* [WHAT IS EXPECTED]: Please return only the lines from the one holding "Sitrak C7H 4x2" through the one holding "Pilulier en jaspe rouge", exactly as they appear in the records below, both ends included.

Start of MATERIAL FOR THE TASK

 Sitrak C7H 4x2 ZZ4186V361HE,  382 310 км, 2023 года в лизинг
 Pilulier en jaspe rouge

End of MATERIAL FOR THE TASK
Start of MATERIAL FOR THE TASK

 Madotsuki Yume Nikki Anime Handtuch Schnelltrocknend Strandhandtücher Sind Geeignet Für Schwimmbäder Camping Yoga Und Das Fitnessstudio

End of MATERIAL FOR THE TASK
Start of MATERIAL FOR THE TASK

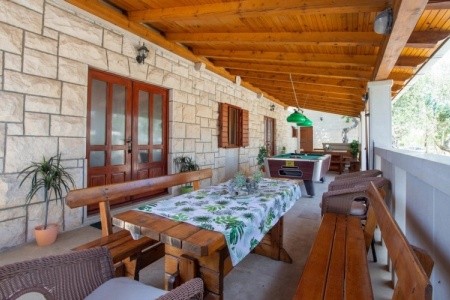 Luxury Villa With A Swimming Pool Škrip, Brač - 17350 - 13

End of MATERIAL FOR THE TASK

* [ANSWER AREA]:
 Sitrak C7H 4x2 ZZ4186V361HE,  382 310 км, 2023 года в лизинг
 Pilulier en jaspe rouge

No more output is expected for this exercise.